Nick Ralston

Profile
- Position: Fullback

Personal information
- Born: November 10, 1996 (age 29) Dallas, Texas
- Listed height: 6 ft 0 in (1.83 m)
- Listed weight: 237 lb (108 kg)

Career information
- High school: Argyle (Argyle, TX)
- College: Louisiana-Lafayette
- NFL draft: 2021: undrafted

Career history
- Dallas Cowboys (2021);
- Stats at Pro Football Reference

= Nick Ralston =

American football player (born 1996)

Nick Ralston (born November 10, 1996) is an American football fullback who is a free agent. He played college football at Louisiana and Arizona State. He signed with the Cowboys after going undrafted in the 2021 NFL draft.

==Early life==
Ralston attended Argyle High School. As a junior, he tallied 1,800 rushing yards and 31 touchdowns, guiding the team to a 16-0 record and the 2013 Class 3A Division II championship. He also played a hybrid defensive end/linebacker position on defense.

As a senior, he had 337 carries for 2,474 yards and 41 touchdowns, to help his team finish with an undefeated record and lead all Dallas-Fort Worth area rushers (regardless of school classification).

He finished high school career after rushing for nearly 6,000 yards, scoring 94 rushing touchdowns and playing in three state championship games.

==College career==
Ralston accepted a football scholarship from Arizona State University. As a redshirt freshman, he was the third-string running back, collecting 32 carries for 139 yards (4.3-yard avg.) and 2 touchdowns. He had 10 carries for 54 yards against the University of Oregon.

As a sophomore, he appeared in all 12 games, providing depth in the backfield after being passed on the depth chart. He had 4 carries for	22 yards (5.5-yard avg.) and 6 receptions for 32 yards.

As a junior, he was converted into a linebacker. He was a backup player, making 3 tackles and one fumble recovery. He also played as a tight end, making 4 receptions for 18 yards and one touchdown.

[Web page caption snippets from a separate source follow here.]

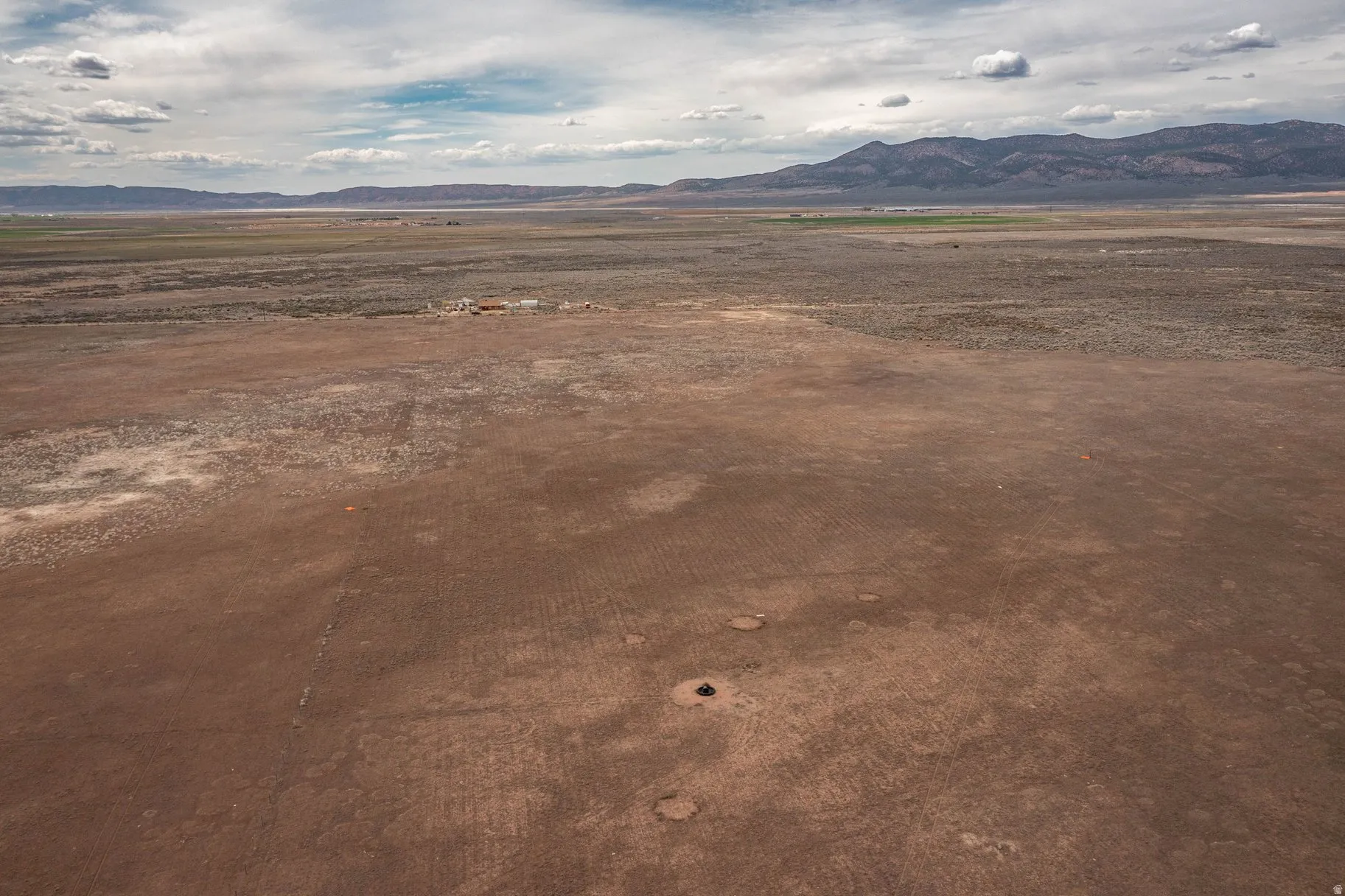 View of mountain backdrop featuring rural landscape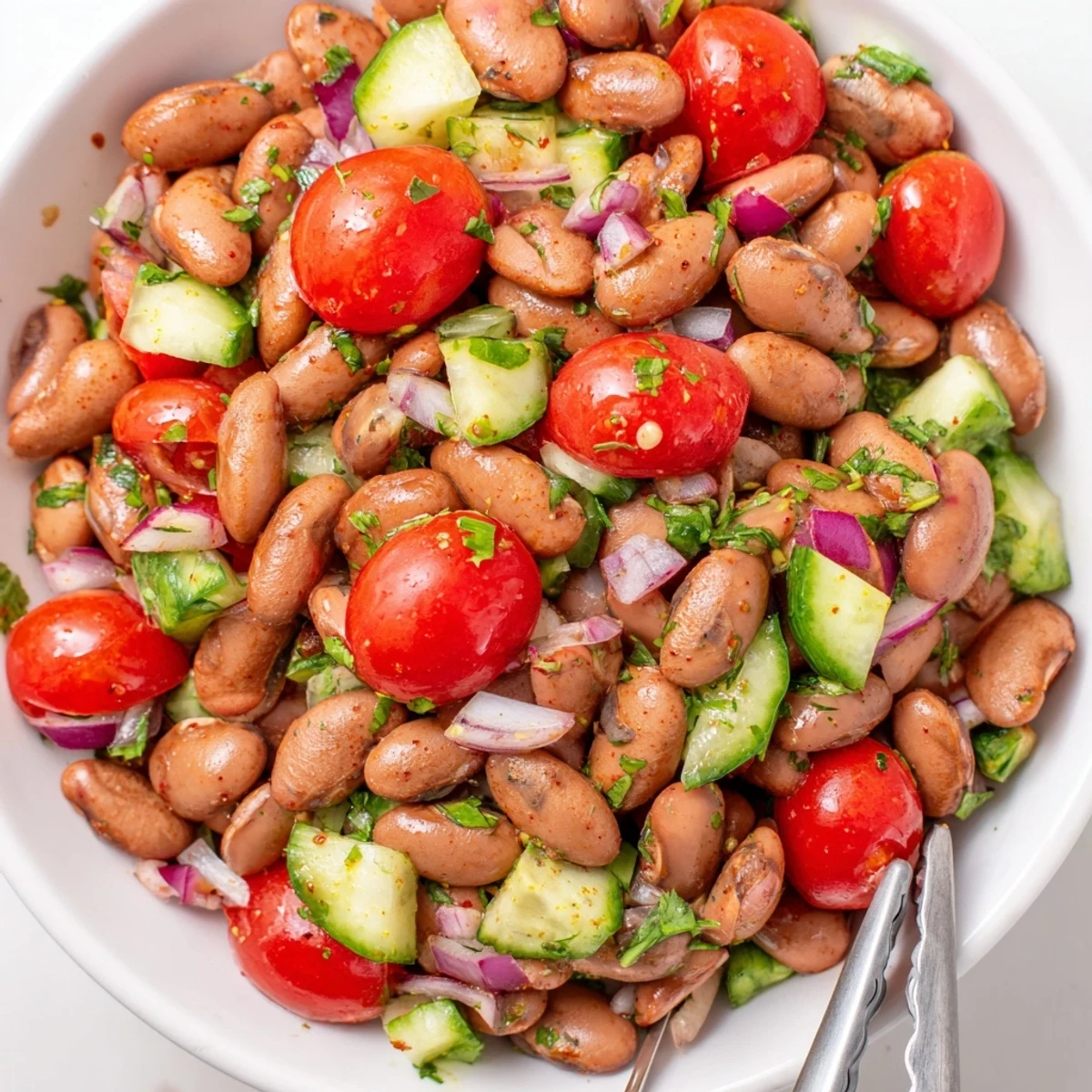 Colorful pinto bean salad with fresh tomatoes and zesty lime dressing in a bowl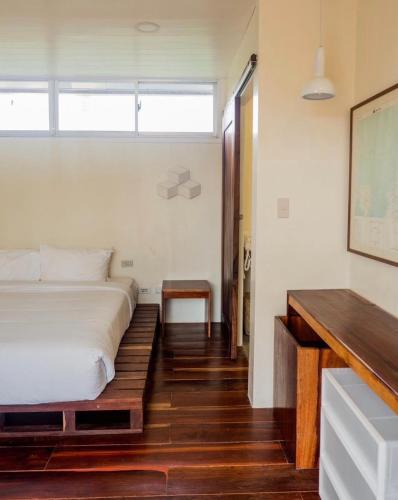 a bedroom with a white bed and a wooden floor at Cote Resort in Dipaculao
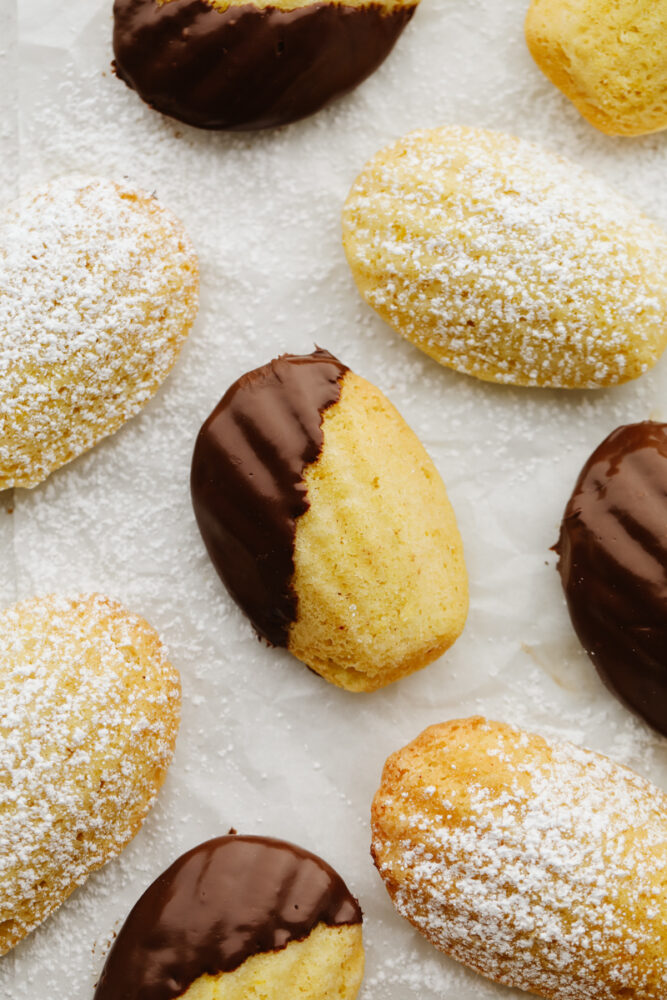 Powdered sugar and chocolate dipped madeleines. 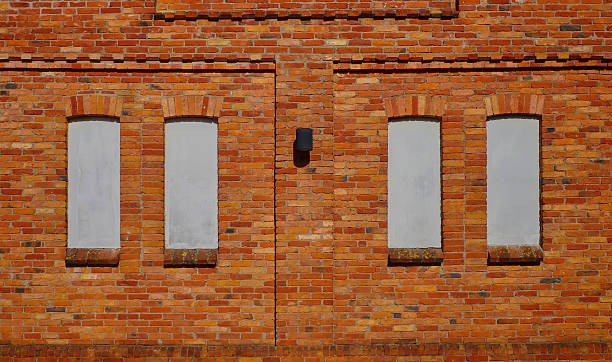istock Red brick wall. Windows are sealed and plastered. Space for text. 2221057321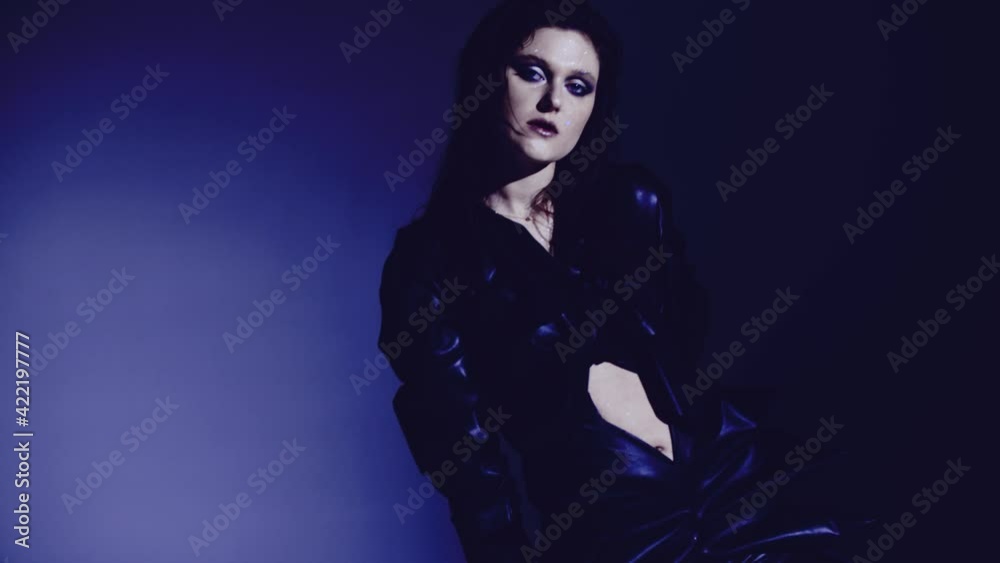 Dark and long hair woman posing in the studio. Young attractive model girl wearing black dress dancing in the studio.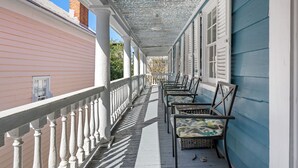 En inglasad veranda med vita räcken och fåtöljer i rotting.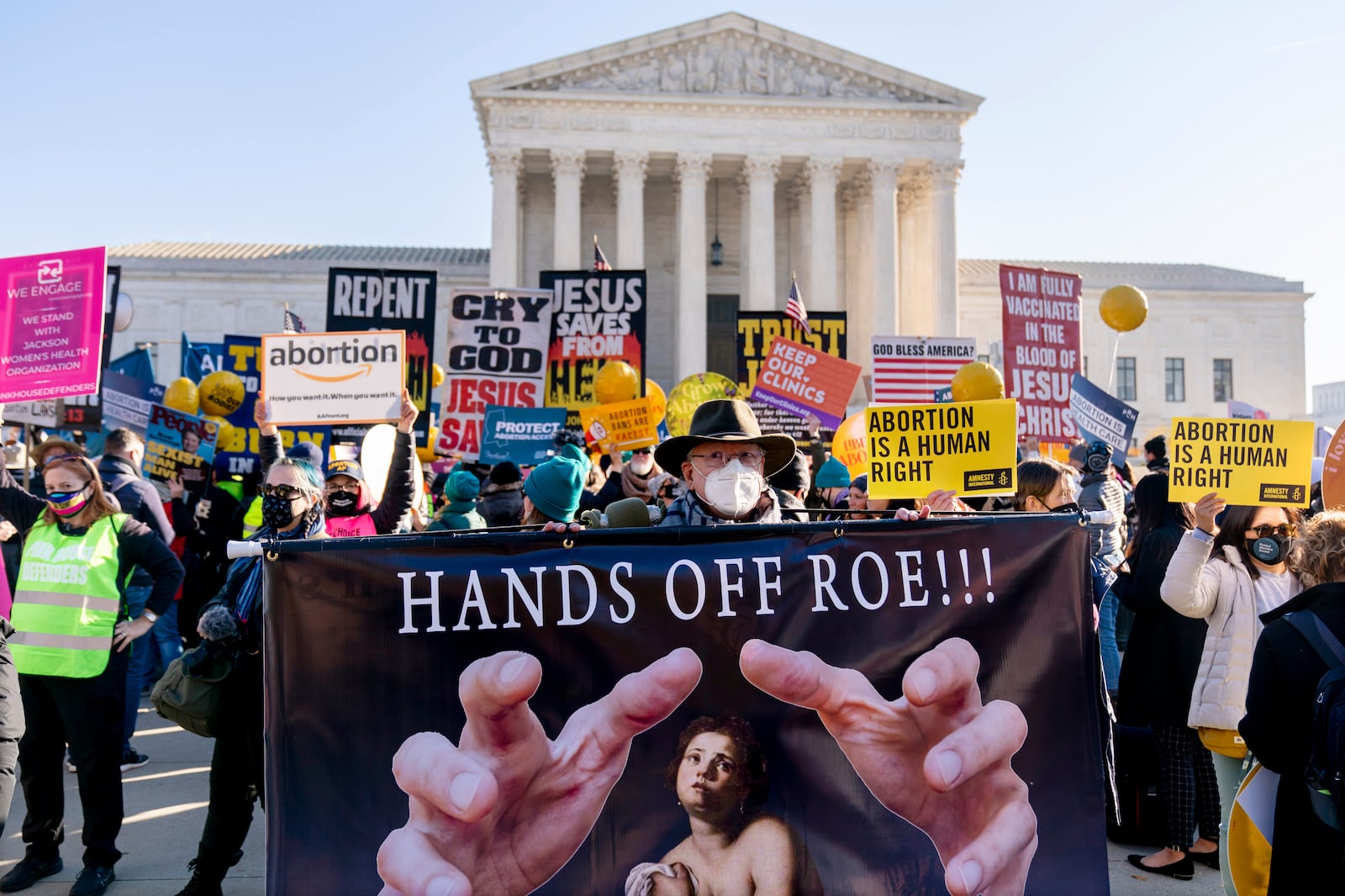 Stephen Parlato of Boulder, Colo., holds a sign that reads “Hands Off Roe!!!” as abortion rights advocates and anti-abortion protesters demonstrate in front of the U.S. Supreme Court.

As a senior, he transferred to the University of Louisiana at Lafayette. He played primarily at tight end and started all 14 games. He registered 15 receptions for 100 yards and 4 touchdowns.

==Professional career==

After the vast majority of College Pro Days were canceled in 2020 due to the COVID-19 pandemic, Ralston did not sign with an NFL team. Afterwards, he continued to train for the next year in preparation for 2021 College Pro Days. In March 2021, Ralston had his Pro Day opportunity at the University of Louisiana at Lafayette. His results were among the best in the nation for fullback prospects.

Pre-draft measurables
| Height | Weight |
| 5 ft 11+3⁄4 in (1.82 m) | 240 lb (109 kg) |
All values from Pro Day

===Dallas Cowboys===
Ralston was signed as an undrafted free agent by the Dallas Cowboys after the 2020 NFL draft on May 1. He was waived on August 31, 2021 and re-signed to the practice squad the next day. He was promoted to the active roster on October 16, 2021. He was waived on October 19 and re-signed to the practice squad. He appeared in 4 games and had one special teams tackle.

He signed a reserve/future contract with the Cowboys on January 18, 2022. He was waived on July 28, 2022.